Nov 28, 2022 by melissa

In this Talk, Anynines CEO Julian Fisher shares about the challenges of managing Kubernetes operator’s lifecycle. Julian and his team benchmarked multiple tools that could help with that. The talk covers Carvel, Helm, OLM, Operator SDK, where the pros and cons are shared for each tool.

Julian Fischer 00:00

Great to be here in Valencia. I was lucky to have one of my teammates with me, Paul here and I, we traveled on our motorcycle to Valencia was a great adventure, and a great start to, you know, start this wonderful conference. So this is about Operator Lifecycle Management at Anynines, we do a lot of, you know, building and automating application development platforms with a strong focus on data service automation.

So, we’ve been automating databases for nearly 10 years now; we did a lot of automation and do a lot of automation based on virtual machines using BOSH from the Cloud Foundry ecosystem as an automation technology, which is also declarative by nature and has a lot of similarities with building operators. And as part of that, we know that you know, managing the lifecycle of operators is very important because databases are often used for years. And that means you have to guide these database instances through the lifecycle. So in this talk, we would like to, you know, have a brief look about at what does it actually mean to, you know, run operators for an extended period of time? And what are potential tools that could help us to do so?
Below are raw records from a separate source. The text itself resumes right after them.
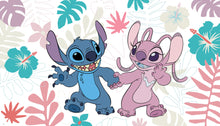 Load image into Gallery viewer, Disney Stitch and Angel Peel and Stick Mural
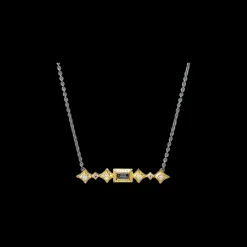 18" SPINEL AND OPAL CRIVELLI BAR NECKLACE
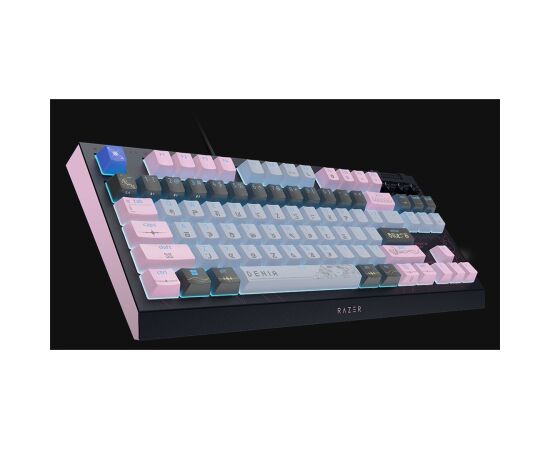 Razer BlackWidow V4 Tenkeyless HyperSpeed Gaming Keyboard Wireless US Orange Switch Wuthering Waves Edition Klaviatūras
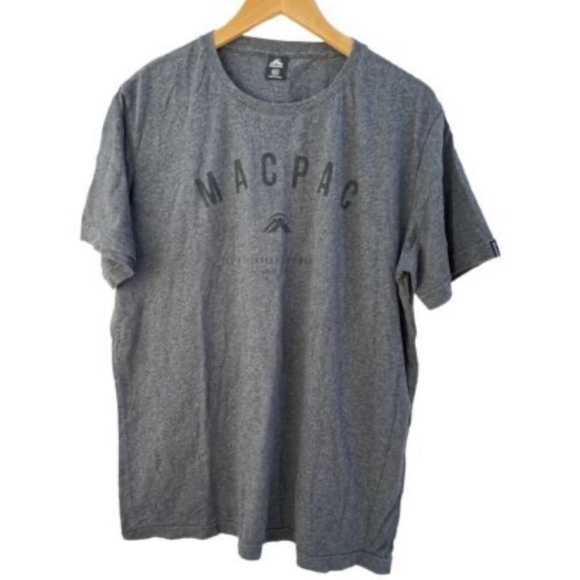Macpac Gray Men's T-Shirt Size 2xl - Picture 1 of 4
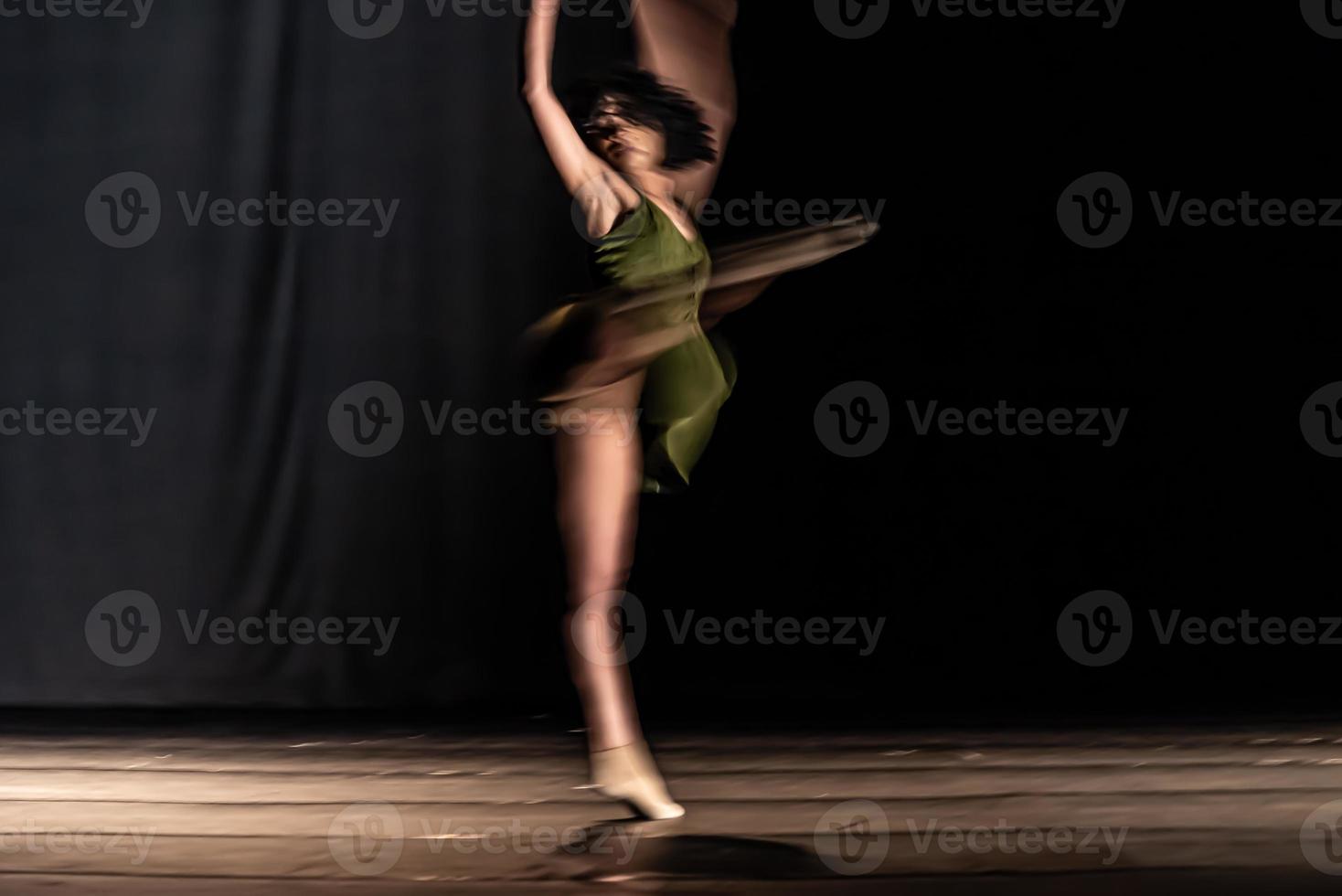 The abstract movement of the dance photo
So the first question is, what is operator lifecycle management about, and there are many facets to it. First of all, if you think about, you know, a more complicated operator, you’re likely to have, you know, your CRDs, your controllers, admission controllers, you know, all those bits and pieces that assemble your operator, including container images, obviously, and they all form some sort of contract. So a certain version of a controller is, you know, capable of reconciling certain versions of CRDs and admission webhook. Efficient controllers also have certain version constraints. And of course, a lot of the magic happens within the container images. And they also version constraints. If you think about databases and their lifecycle, for example, Postgres, one of my favorite examples, we have customers who run applications for, let’s say, 10 years, how do you guide a database instance, through its lifecycle for such an extended period of time? And it is, it is pretty clear that at some point, you want to take away at, say, a certain database version, let’s say Postgres 9.4, you would just want to, you know, encourage your developers to migrate to a more recent version. So how do you do that with Kubernetes?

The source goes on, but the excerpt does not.